How do values shape the decsisions we all make?
Decision Scenario Cards
Anticipatory Set: (10 min) Auditory, Intrapersonal, Verbal
Ask students to silently write down which choice they would make in the following situations.
1. You have just been offered two jobs on the same day. Do you (a) accept a position as a peace officer to help your community for a low salary, or (b) accept a position as a debt collector for a very high salary?
2. You have just gotten married and you are very happy. Do you (a) buy a beautiful house, or (b) start a college fund for your future children?
3. You have just been accepted to learn the most exciting career you have dreamed of, but in order to learn you have to move away from all your friends and family for five years. Do you (a) go to learn your dream career, or (b) stay with your friends and family?
Ask students to show hands for what they chose. Introduce the idea that we make decisions based on what we value. Ask which values are shown by each choice in each scenario.
Independent Work: (15 min)
Ask students to complete the Values Inventory. To maintain quiet, I usually play classical music at this time.
Guided Practice: (30 min) Interpersonal, Kinesthetic, Logical
Distribute scenario cards around the room and a scenario inventory sheet to each student. Ask students to circulate and make hyptothetical choices.

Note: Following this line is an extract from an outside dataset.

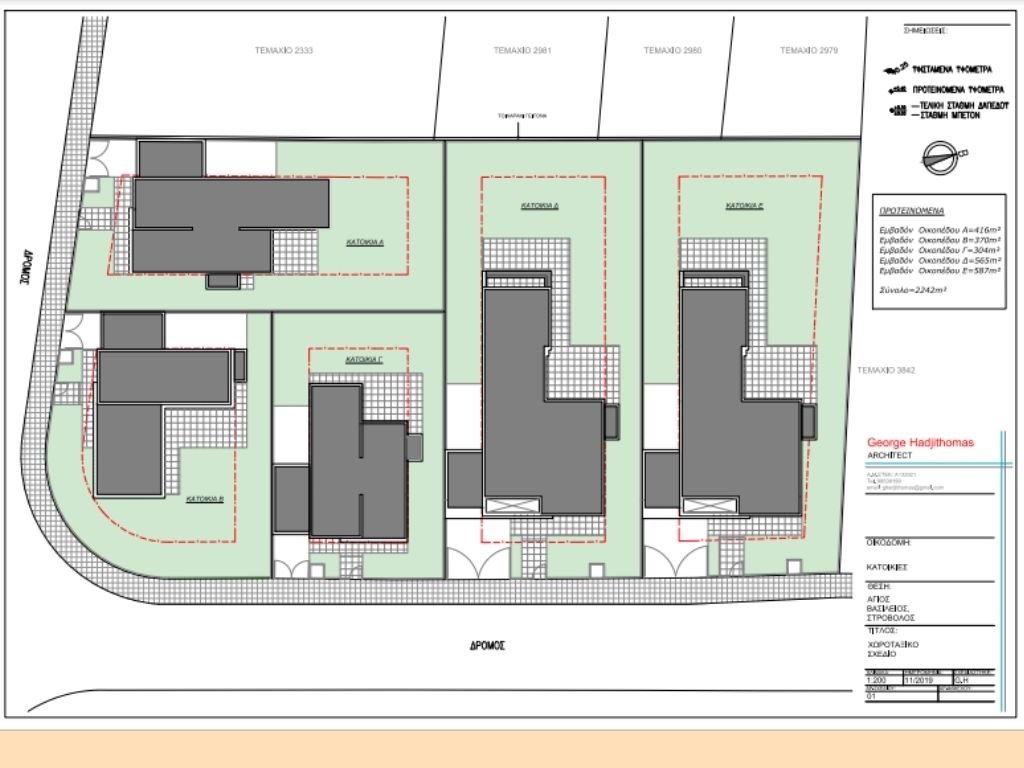 Kouneli Homes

When this is finished, ask students to compare their choices and their inventory results and to write a personal reflection on their values and how their values have impacted their decision-making in the past. They should also address how they can use this knowledge in future decisions.
Discuss some of the key decisions that Marji makes in Persepolis. Ask what values are demonstrated in each- and whether Marji was following her true self when she made those decisions.
For example, Marji
Goes to the protests
Makes fun of hijab rules
Leaves for France
Conclusion/Assessment: (5 min)
To allow students to see what they have in common, play “four corners” with the values on the summary of the inventory.
Vocab to Watch Out For:
What went well?
What would you change?
What needs explanation?
Students put a lot of thought into their decisions and were interested in learning more about themselves.
I would add more scenarios or do more together, they finished more quickly than I anticipated. However, they were able to have a complex discussion of Marji’s decisions.
You can take this much further in terms of character education, but I left it very simple in order to just cover enough that they can reflect on this concept in future units.